A recent study undertaken by a group of scientists from Skoltech and the Institute for Problems of Chemical Physics of RAS led by Professor P. Troshin in collaboration with the University of Cologne (Germany) and the Ural Federal University, focused on tetraaminobenzene-based linear polymers of nickel and copper. Although the linear polymers exhibited much lower initial electronic conductivity as compared to their two-dimensional counterparts, it transpired that they can be used as anode materials that get charged/discharged in less than a minute, because their conductivity increases dramatically after the first discharge due to lithium doping.
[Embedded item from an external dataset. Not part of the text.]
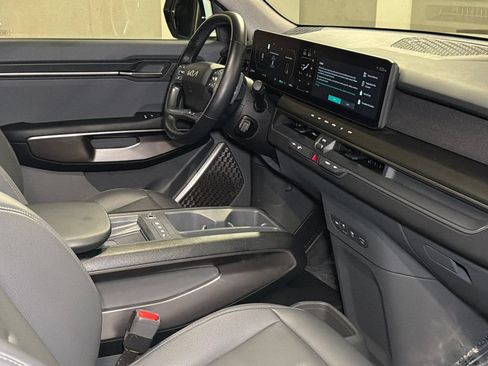 Certified 2024 Kia EV9 Wind AWD/4WD image 17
Additionally, it was found that these anode materials have excellent stability at high charging/discharging rates: they were demonstrated to retain up to 79% of their maximum capacity after as many as 20,000 charging-discharging cycles.
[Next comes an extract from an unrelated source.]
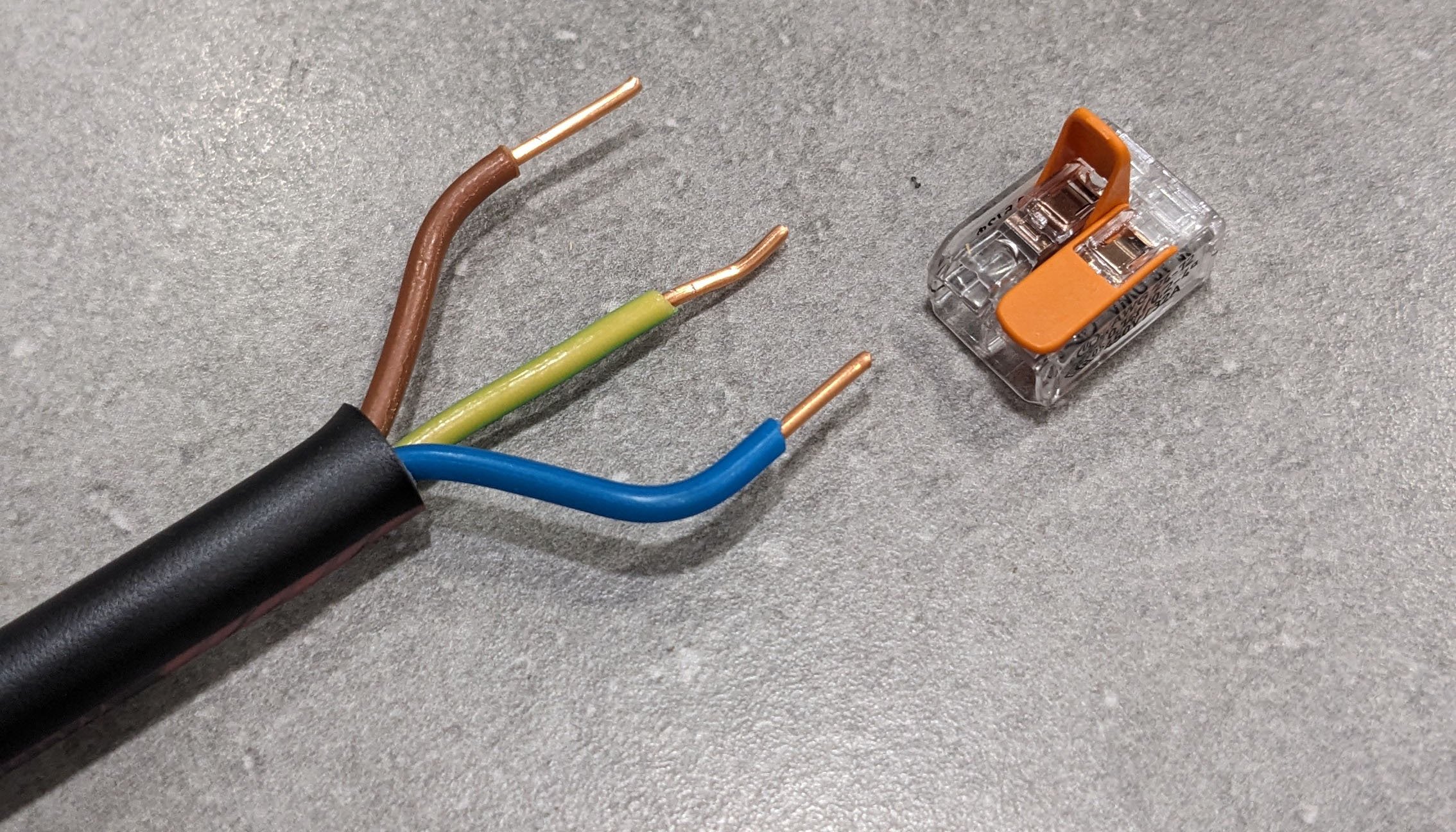 découvrez notre câble radiateur court, idéal pour une installation simplifiée et sécurisée de votre système de chauffage. conçu pour optimiser la diffusion de la chaleur, il assure performance et fiabilité dans toutes vos pièces.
Furthermore, it was discovered that copper-based polymers can be used both as anode and high-capacity cathode materials. The authors point out that there is plenty of opportunity for structure optimization, even though the cathode cannot yet operate in a stable manner. "There are a lot of methods for fine-tuning the characteristics of coordination polymers," explains the first author of the study and Skoltech Ph.D. student, Roman Kapaev. "Actually we deal here with a sort of a construction kit where the parts can be easily changed or replaced. We can modify both the amine structure and the transition metal cation, and by doing so, raise the capacity, increase or decrease the redox potential, improve stability and various other performances. This trail-blazing study touches upon an extensive research area, which, I am sure, has yet a lot to reveal."